L’éclair suit les lignes de meurtrissures des boules froissées des nuages pour descendre jusqu’à nous, ça déchire, l’eau s’effondre par pans entiers et desséché demeure le ciel brûlé qui alimente en bruits tonitruants la planète Terre amollie. La boue du sol profère par bulles des appels à la clémence et cependant que vagit la terre dans le quasi silence de la langueur noyée, je parle calmement à ce qui sec, là-haut, continue à tordre la sueur de ses mains sur moi. Dans le travail de la lutte où nous nous empoignons, ça (là-haut) et moi, il y a pour nous séparer tout un océan de distance et comme surface d’affrontement du toucher, tout l’air moite qui répercute chaque mouvement de pression, dans chacun nous mesurons notre force à l’encontre de l’autre. Pour qui, ici, me regarde, je danse un ballet solitaire dont aucun des gestes ne s’explique et n’a à s’expliquer par un quelconque duel. Je porte des coups à vide que ce " qui " interprète, comme une pirouette, peut-être ? Pour ce " qui " qui fait légion, je suis une célibataire par la Force-des-Choses. Mais je trompe bien mon monde. Pas assez toutefois pour ne pas laisser planer sur ma personne le mystère d’une folie contenue, déniée par " qui ", atténuée par l’habitude de " qui " a fini par me voir en originale. " Originale ", le mot se referme sur moi et boucle avec lui toutes les questions : je ne dérange plus " qui ", je ne dérange plus personne. Au-delà du cercle de " qui ", je suis une personne atone.

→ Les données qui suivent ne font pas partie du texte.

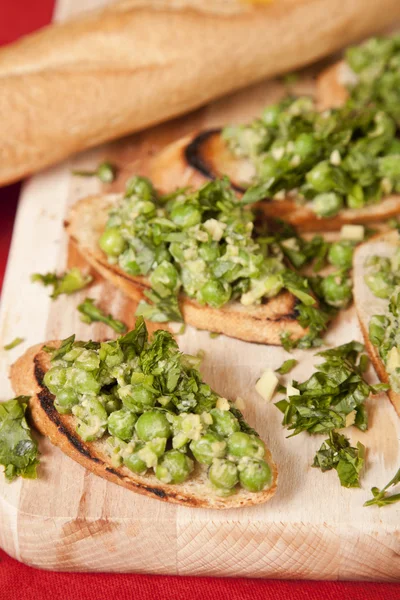 stock image Tasty bruschetta with green vegetables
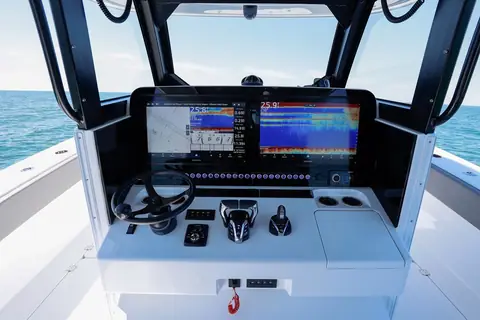 Freeman 43 helm console with large displays and a wheel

Le tonnerre rugit de plus belle, le sol sous son épaisseur de boue rompt sa différence avec elle, l’asphalte se dilate, s’imbibe, et finalement se rend à la terre aqueuse. Plus n’est possible, ici, de poser le pied sur une surface dure. La ville s’incline, perdant l’équilibre de fondations qui s’enfoncent, c’est un naufrage. Les sables mouvants prennent possession par leurs formes des reliefs de la ville, ils digèrent les volumes creux des appartements bientôt comblés d’alluvions.

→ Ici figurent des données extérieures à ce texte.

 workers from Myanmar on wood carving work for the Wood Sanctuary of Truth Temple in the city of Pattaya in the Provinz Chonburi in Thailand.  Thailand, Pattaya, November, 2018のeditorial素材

Le ciel entier s’est réuni là-haut pour m’ensevelir dans la flaque de sa délégation rendue sur terre, la ville a sombré mais moi, encore debout sur la flèche de l’antenne la plus haute de la plus haute toiture, qui dépasse encore, je tends cinq doigts au ciel, sur chacun j’articule une lettre.
Si " qui " savait, avait su qu’il aura dû sa mort par étouffement par la boue à une lutte titanesque dont le second protagoniste se trouve être moi-même, " qui " ne l’aurait pas cru. Jamais ne pourrait être soupçonnée la moindre démiurgie dans ce moi replet. " Moi ", c’est quelques kilogrammes de chair contre le poids entier du non-Être. Au trou noir pesant du Nihil j’oppose tout ce que je dévore depuis, depuis que je pense pour avoir compris. Je me nourris d’herbe fraîche, je suis plus verte que l’herbe, je frissonne par l’eau bue et je tends cinq doigts au ciel. Cette main n’est pas tachée de sang, le temps seul a accompli le crime vengeur. Je ne remâche pas ma pensée coupable, je mourrai heureuse.